===== Information shown =====

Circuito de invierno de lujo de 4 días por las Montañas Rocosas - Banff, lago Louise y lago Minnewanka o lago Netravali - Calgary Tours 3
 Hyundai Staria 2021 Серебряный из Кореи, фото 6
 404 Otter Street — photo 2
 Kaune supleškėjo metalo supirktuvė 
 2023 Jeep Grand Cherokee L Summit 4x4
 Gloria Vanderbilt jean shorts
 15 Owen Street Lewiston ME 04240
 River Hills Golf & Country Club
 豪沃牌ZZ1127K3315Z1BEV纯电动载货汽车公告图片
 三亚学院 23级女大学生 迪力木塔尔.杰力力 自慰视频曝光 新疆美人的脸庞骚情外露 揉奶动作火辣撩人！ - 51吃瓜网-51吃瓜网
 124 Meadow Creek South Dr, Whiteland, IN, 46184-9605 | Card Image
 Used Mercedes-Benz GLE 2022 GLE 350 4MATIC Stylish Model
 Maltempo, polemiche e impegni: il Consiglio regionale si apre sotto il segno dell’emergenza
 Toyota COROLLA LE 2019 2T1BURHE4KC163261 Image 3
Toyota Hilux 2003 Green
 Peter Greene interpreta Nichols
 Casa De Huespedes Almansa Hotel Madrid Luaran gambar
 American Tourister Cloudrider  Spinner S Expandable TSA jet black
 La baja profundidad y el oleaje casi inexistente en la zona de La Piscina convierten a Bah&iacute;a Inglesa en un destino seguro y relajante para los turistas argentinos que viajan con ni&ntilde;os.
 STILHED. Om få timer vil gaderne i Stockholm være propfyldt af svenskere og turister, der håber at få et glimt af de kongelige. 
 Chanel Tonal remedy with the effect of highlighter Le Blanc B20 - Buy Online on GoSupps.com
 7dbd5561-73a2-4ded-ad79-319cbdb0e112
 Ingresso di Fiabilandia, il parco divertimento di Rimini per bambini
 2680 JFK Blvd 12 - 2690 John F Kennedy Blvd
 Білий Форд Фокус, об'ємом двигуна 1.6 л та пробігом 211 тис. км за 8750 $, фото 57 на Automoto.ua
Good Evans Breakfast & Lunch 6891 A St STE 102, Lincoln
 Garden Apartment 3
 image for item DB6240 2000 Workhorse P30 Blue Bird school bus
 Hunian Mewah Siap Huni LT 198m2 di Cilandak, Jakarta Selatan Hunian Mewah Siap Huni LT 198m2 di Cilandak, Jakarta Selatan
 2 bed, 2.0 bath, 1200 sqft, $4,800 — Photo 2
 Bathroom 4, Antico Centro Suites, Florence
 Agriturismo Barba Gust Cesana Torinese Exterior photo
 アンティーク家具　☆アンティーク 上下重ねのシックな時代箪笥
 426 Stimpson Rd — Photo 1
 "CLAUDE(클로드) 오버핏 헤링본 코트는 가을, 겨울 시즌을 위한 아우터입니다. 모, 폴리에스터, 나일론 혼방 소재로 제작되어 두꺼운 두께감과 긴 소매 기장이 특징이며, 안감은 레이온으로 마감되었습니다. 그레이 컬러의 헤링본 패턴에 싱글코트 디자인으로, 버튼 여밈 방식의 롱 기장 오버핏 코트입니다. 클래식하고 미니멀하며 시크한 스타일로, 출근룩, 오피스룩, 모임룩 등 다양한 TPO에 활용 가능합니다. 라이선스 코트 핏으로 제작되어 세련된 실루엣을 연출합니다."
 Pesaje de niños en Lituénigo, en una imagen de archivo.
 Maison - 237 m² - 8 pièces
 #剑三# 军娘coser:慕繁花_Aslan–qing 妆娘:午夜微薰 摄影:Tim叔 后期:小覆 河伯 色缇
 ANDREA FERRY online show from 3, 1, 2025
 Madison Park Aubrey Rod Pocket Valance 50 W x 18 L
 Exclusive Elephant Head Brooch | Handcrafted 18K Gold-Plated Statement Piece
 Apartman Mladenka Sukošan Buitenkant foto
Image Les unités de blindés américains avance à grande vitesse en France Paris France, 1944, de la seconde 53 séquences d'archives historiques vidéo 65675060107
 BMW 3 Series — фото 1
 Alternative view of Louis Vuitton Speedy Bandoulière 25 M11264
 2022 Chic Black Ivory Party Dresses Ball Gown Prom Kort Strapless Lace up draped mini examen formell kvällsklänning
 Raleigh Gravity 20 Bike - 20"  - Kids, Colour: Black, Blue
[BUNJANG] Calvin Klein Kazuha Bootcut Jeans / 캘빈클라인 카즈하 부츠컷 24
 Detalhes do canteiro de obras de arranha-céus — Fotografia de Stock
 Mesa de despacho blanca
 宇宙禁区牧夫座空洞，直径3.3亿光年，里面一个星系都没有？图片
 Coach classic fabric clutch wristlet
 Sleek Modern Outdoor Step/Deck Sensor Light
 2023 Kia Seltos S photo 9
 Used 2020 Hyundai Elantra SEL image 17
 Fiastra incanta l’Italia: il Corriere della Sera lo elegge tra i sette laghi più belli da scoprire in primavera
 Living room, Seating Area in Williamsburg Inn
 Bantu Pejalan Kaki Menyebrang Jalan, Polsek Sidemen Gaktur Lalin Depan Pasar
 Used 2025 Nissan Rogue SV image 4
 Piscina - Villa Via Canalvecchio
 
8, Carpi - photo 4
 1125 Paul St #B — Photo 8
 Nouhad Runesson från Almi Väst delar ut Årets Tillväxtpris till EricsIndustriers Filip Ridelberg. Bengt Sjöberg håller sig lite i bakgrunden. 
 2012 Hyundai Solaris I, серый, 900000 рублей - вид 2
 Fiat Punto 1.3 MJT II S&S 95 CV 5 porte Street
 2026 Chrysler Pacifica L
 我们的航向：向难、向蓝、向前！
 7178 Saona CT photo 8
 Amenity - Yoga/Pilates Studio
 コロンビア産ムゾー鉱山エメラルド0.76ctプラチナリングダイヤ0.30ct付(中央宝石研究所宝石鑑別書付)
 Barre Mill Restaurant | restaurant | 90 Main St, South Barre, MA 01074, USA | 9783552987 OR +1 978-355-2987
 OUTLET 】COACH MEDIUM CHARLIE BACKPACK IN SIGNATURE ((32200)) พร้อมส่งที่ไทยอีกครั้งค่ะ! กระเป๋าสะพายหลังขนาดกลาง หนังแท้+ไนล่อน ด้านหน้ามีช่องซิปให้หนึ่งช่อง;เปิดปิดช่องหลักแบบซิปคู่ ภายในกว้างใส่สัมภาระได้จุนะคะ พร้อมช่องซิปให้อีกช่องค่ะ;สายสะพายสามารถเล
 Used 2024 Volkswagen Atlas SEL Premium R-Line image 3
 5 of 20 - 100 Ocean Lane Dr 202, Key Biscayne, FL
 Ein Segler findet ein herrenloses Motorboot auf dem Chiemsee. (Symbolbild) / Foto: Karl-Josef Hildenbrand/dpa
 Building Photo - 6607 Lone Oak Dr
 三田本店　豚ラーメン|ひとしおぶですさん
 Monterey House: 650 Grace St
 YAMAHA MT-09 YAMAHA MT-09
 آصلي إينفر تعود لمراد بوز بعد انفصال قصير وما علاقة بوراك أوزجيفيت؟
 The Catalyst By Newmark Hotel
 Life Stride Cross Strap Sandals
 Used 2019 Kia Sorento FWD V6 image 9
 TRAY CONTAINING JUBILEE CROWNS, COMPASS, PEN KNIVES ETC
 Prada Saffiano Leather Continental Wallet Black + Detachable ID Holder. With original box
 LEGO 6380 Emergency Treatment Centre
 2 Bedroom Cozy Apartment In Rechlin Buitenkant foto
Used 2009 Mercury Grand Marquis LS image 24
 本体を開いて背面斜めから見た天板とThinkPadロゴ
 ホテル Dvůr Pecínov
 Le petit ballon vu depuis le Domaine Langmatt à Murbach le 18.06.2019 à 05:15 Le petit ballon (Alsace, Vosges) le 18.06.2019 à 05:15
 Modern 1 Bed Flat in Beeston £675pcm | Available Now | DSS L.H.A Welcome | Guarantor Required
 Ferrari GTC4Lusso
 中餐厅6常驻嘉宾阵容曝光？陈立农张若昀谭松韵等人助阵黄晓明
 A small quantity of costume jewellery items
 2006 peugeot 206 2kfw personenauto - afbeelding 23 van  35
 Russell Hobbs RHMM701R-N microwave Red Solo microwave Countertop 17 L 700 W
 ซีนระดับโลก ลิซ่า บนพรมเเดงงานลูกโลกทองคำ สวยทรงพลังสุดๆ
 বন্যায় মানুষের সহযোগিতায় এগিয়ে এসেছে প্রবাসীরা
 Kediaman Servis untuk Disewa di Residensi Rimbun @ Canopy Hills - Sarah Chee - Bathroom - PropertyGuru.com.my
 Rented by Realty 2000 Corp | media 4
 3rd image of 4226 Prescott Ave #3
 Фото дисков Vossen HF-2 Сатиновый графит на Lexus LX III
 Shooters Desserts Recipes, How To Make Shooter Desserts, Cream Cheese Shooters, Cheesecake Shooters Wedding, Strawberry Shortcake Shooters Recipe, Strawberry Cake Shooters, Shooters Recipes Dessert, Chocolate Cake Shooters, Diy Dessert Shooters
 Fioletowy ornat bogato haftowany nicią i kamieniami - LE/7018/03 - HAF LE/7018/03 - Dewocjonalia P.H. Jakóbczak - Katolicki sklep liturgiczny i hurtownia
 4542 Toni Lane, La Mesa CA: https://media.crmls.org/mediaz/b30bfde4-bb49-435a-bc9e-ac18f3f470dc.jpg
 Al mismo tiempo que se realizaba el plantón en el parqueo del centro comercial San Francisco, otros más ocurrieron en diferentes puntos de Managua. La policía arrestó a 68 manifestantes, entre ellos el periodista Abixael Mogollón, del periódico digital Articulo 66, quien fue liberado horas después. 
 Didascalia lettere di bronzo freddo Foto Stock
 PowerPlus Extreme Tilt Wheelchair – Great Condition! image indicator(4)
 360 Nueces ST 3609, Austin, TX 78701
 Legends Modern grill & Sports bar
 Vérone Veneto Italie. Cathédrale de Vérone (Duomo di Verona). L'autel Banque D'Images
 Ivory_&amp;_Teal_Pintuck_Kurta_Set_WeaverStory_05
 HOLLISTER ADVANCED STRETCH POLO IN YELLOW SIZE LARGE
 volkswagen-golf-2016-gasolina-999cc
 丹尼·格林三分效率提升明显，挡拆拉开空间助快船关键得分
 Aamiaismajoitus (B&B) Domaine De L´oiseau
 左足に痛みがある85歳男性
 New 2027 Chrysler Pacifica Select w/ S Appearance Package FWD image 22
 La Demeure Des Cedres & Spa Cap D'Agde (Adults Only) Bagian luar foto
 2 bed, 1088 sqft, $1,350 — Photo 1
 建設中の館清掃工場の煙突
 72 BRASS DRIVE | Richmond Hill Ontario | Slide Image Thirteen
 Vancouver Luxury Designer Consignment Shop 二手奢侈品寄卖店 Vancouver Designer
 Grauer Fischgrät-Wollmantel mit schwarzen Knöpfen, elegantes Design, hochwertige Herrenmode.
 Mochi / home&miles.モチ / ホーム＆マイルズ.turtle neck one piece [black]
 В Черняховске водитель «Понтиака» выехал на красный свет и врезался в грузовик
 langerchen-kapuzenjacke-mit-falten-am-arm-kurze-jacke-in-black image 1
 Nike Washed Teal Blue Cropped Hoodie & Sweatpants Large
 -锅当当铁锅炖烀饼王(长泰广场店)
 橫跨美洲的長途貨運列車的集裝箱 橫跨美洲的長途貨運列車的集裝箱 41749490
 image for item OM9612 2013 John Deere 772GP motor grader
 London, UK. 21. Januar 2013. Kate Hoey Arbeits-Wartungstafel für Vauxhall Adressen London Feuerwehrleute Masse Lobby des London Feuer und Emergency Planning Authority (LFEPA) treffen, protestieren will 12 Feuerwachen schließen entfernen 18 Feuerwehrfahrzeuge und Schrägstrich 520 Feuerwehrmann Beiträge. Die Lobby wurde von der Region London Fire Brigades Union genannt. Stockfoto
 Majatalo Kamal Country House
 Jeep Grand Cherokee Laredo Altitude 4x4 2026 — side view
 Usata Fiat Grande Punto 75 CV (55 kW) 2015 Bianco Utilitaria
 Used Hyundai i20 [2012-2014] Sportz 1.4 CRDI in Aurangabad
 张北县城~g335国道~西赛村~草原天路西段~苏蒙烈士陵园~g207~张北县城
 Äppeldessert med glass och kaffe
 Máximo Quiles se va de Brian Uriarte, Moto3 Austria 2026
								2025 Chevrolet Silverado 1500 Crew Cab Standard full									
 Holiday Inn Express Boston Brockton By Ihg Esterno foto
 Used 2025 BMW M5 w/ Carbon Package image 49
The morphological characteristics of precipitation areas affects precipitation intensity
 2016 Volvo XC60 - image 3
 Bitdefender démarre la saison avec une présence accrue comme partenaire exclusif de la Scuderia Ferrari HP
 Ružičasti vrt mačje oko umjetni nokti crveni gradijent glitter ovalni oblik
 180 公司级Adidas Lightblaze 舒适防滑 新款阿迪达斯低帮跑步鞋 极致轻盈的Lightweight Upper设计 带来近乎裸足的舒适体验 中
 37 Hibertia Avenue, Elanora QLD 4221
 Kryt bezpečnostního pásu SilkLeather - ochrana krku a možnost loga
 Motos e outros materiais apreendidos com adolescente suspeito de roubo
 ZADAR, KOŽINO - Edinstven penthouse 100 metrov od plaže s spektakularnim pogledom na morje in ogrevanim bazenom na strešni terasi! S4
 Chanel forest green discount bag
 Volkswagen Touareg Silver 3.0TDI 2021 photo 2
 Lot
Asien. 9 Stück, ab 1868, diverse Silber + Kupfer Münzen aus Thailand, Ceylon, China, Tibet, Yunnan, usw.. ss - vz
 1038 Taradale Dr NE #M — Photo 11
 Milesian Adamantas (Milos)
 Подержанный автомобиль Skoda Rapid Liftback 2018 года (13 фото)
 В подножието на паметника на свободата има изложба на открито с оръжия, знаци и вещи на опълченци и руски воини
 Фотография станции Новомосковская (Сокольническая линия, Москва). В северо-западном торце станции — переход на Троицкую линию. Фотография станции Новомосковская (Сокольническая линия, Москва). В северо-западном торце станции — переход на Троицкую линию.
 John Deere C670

=====

## The task
Restate the material word for word, but only from its first line through the line containing "La baja profundidad".

## Answer to this exercise
Circuito de invierno de lujo de 4 días por las Montañas Rocosas - Banff, lago Louise y lago Minnewanka o lago Netravali - Calgary Tours 3
 Hyundai Staria 2021 Серебряный из Кореи, фото 6
 404 Otter Street — photo 2
 Kaune supleškėjo metalo supirktuvė 
 2023 Jeep Grand Cherokee L Summit 4x4
 Gloria Vanderbilt jean shorts
 15 Owen Street Lewiston ME 04240
 River Hills Golf & Country Club
 豪沃牌ZZ1127K3315Z1BEV纯电动载货汽车公告图片
 三亚学院 23级女大学生 迪力木塔尔.杰力力 自慰视频曝光 新疆美人的脸庞骚情外露 揉奶动作火辣撩人！ - 51吃瓜网-51吃瓜网
 124 Meadow Creek South Dr, Whiteland, IN, 46184-9605 | Card Image
 Used Mercedes-Benz GLE 2022 GLE 350 4MATIC Stylish Model
 Maltempo, polemiche e impegni: il Consiglio regionale si apre sotto il segno dell’emergenza
 Toyota COROLLA LE 2019 2T1BURHE4KC163261 Image 3
Toyota Hilux 2003 Green
 Peter Greene interpreta Nichols
 Casa De Huespedes Almansa Hotel Madrid Luaran gambar
 American Tourister Cloudrider  Spinner S Expandable TSA jet black
 La baja profundidad y el oleaje casi inexistente en la zona de La Piscina convierten a Bah&iacute;a Inglesa en un destino seguro y relajante para los turistas argentinos que viajan con ni&ntilde;os.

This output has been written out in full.